Libeco is for everyone who doesn’t see casual style and sophistication as a contradiction. And it is the best example of how quality can be recognised by specific characteristics — not by promises, but by facts.
What remains
The question “How can you tell if linen is good quality?” can be summarised in five points: the origin of the fibre, the spinning process, thread count and weight per square metre, certifications, and price. None of these factors alone is sufficient, but together they paint a picture that is foolproof.
Linen is a fabric that takes time to reveal its true character. The ‘memory’ of the fabric – that gradual transformation which makes it softer, shinier and more personal – only begins to develop after several months. Those who invest in the right quality from the outset will be rewarded for it. Those who cut corners will realise their mistake too late.
The good news is: you don’t need to be an expert. You just need to ask. Where does the fibre come from? Where was it spun? How heavy is the fabric? If you get answers to these three questions, you’re making the right choice. If you don’t get any answers, you’ve got your answer.
How can I tell whether my linen is made from long-staple or short-staple fibres?
The simplest way: hold the fabric up to the light. Long-fibre linen has an even, dense weave with no transparent areas. Short-fibre linen is more irregular and has visible thickened areas. Long-fibre linen feels smoother and cooler to the touch.
What does the Masters of Linen label mean?
It guarantees that the entire production chain — from cultivation and spinning to the finished fabric — has taken place in Europe. It is the most stringent quality and origin label in the linen sector and excludes any intermediate stages in Asia.
What is Libeco?
Libeco is a Belgian linen weaving mill in Meulebeke, West Flanders, formed from two family businesses that have been in operation since 1858 and 1864. The company is a purveyor to the Belgian Royal Family, Masters of Linen certified, GOTS certified and has been carbon neutral since 2014. Over ninety per cent of the yarn comes from European spinning mills.
Why is good-quality linen more expensive than cotton?

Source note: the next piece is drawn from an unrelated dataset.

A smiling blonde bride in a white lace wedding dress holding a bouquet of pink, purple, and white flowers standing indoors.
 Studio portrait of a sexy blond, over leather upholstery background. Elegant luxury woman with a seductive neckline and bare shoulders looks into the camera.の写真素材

Because fibre extraction, spinning and weaving are more labour-intensive. Flax is harvested with the roots still attached, left to dry in the field for weeks, mechanically broken down and scutched. Only fifteen per cent of the plant yields long fibres. Spinning mills capable of producing fine wet-spun yarn have become rare in Europe. The price reflects this genuine scarcity.
At what price can I expect good-quality linen?
If a bed sheet costs less than sixty euros, you should ask which production steps have been cut out. Good-quality European linen with a transparent supply chain is available in the price range of eighty to two hundred euros. If you pay over three hundred euros, you’re often paying for the brand, not the fabric.
Can I trust the “100% linen” label?
The label states that the fibre is made from flax — but it does not specify whether it is long or short fibre, whether it was wet-spun or dry-spun, or where the fibre comes from. Cottonised short fibre, dry-spun in China, can be sold as “100% linen” just as readily as European long fibre. Origin information and labels such as Masters of Linen provide the crucial additional details.